NVIDIA Groq 3 LPX: Low-Latency Inference at Scale
NVIDIA has announced the Groq 3 LPX, a new rack-scale inference accelerator designed for the demands of agentic AI workloads requiring both high throughput and predictable low latency. The system is built around 256 interconnected NVIDIA Groq 3 LPU (Latency Processing Unit) accelerators, each optimized for fast, deterministic token generation in response to user interactions.
Architecture and Performance
The LPX delivers significant performance characteristics:
- 315 PFLOPS of FP8 compute across the rack
- 40 PB/s on-chip SRAM bandwidth per-chip
- 640 TB/s scale-up bandwidth across all 256 chips
- 128 GB total SRAM capacity
- Up to 35x higher inference throughput per megawatt compared to alternatives
- Up to 10x more revenue opportunity for trillion-parameter models
The system emphasizes deterministic, compiler-orchestrated execution and explicit data movement to minimize inference jitter and deliver stable, predictable per-token latency even at high concurrency levels.

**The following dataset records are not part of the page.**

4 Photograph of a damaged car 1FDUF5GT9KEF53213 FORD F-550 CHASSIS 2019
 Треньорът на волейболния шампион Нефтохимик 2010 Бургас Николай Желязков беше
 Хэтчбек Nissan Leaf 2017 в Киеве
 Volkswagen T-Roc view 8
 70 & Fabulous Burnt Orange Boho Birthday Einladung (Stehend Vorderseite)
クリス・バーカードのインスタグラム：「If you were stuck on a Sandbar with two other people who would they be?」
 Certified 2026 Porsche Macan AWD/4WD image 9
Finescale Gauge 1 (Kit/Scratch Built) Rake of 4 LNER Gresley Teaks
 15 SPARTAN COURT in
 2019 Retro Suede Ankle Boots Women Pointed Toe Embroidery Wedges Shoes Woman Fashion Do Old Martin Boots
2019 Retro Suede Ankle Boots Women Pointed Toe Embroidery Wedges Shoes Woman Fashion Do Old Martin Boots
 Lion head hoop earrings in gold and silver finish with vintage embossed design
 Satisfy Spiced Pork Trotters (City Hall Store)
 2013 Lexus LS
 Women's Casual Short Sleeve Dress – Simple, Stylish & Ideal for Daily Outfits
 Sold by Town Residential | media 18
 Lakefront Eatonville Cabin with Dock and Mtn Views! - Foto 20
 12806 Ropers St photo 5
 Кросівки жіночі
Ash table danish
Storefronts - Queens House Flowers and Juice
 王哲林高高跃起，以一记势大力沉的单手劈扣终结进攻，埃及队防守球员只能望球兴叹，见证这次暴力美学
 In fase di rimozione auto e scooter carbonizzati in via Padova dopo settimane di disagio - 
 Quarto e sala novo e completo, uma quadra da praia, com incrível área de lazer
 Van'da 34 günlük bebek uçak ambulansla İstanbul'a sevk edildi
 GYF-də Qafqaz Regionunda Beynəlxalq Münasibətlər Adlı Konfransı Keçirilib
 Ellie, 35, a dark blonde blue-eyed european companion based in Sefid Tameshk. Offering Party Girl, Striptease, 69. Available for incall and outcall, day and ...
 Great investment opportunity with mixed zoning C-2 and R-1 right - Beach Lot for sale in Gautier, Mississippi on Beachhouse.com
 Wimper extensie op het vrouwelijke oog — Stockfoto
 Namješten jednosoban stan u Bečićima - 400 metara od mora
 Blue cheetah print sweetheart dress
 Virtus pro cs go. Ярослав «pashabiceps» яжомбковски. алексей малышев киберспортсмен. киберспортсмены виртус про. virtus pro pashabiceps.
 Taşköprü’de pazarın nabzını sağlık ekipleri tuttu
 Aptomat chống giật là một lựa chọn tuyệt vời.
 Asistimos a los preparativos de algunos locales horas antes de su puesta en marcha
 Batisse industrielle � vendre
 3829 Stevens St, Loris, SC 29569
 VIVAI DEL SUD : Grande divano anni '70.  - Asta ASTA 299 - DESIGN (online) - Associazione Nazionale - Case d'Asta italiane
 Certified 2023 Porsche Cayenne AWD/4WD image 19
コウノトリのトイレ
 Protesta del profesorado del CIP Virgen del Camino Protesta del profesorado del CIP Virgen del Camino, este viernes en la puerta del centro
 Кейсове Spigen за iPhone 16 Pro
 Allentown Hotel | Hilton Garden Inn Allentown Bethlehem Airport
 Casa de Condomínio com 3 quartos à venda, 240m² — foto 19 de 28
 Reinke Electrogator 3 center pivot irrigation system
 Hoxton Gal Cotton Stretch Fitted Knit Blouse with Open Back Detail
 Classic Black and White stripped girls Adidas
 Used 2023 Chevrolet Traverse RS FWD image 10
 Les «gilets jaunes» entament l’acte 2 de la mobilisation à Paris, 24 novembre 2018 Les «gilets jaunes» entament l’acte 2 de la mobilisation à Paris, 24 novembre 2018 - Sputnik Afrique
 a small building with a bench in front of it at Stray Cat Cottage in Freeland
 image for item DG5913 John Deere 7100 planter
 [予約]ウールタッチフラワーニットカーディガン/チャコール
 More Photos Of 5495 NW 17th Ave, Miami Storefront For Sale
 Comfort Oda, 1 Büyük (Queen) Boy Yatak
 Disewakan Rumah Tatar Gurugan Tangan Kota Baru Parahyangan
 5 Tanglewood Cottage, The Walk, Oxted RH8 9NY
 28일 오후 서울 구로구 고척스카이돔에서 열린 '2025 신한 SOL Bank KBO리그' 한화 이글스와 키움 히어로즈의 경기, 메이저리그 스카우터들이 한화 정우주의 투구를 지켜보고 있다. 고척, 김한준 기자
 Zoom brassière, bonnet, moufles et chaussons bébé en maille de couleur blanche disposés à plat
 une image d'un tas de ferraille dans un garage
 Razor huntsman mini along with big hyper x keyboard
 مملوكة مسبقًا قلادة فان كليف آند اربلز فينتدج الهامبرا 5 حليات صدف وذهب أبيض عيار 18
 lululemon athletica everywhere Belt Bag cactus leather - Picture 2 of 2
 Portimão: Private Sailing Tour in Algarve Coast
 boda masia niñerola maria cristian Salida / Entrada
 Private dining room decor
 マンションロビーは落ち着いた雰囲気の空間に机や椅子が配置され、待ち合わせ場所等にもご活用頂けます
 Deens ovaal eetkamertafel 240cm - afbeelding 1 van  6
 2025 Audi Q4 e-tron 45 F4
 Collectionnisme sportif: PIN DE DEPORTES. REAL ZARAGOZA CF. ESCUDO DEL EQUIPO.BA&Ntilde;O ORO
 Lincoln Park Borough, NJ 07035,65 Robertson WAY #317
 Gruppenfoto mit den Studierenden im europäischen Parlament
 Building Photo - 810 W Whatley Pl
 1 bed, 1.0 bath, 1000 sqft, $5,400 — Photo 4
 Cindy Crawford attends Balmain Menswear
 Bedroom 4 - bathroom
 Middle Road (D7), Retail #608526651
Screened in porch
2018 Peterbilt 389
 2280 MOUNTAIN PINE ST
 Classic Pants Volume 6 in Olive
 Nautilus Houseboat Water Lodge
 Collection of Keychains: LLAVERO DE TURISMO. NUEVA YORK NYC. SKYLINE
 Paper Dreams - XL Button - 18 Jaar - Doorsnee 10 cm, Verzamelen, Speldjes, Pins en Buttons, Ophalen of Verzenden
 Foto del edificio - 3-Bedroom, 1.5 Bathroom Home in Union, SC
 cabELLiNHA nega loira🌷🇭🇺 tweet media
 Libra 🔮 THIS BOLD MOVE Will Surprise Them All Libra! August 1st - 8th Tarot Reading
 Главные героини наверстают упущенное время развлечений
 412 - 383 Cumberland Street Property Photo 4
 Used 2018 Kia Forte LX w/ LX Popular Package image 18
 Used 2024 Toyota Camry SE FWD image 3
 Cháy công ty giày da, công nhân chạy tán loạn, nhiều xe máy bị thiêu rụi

Heterogeneous Serving with Vera Rubin NVL72
LPX is co-designed to work alongside NVIDIA's Vera Rubin NVL72 GPU, creating a heterogeneous inference architecture optimized for different workload phases. While Vera Rubin NVL72 handles prefill and decode attention (which benefit from general-purpose compute), the LPX accelerates the latency-sensitive portions of decode including feedforward networks (FFN) and mixture-of-experts (MoE) layers. NVIDIA Dynamo orchestrates this disaggregated serving, routing requests intelligently to maintain both high factory throughput and responsive interactive performance.
Target Use Cases
The LPX enables next-generation AI applications including:
- Multi-agent systems requiring coordinated agent inference at scale
- Speed-of-thought computing supporting generation speeds approaching 1,000 tokens per second per user
- Long-context agentic workloads maintaining performance across trillion-parameter models
The combination of Vera Rubin NVL72 and LPX addresses a critical infrastructure gap: supporting continuous, reasoning-intensive agentic AI that demands both sustained throughput for the AI factory and ultra-responsive latency for interactive experiences.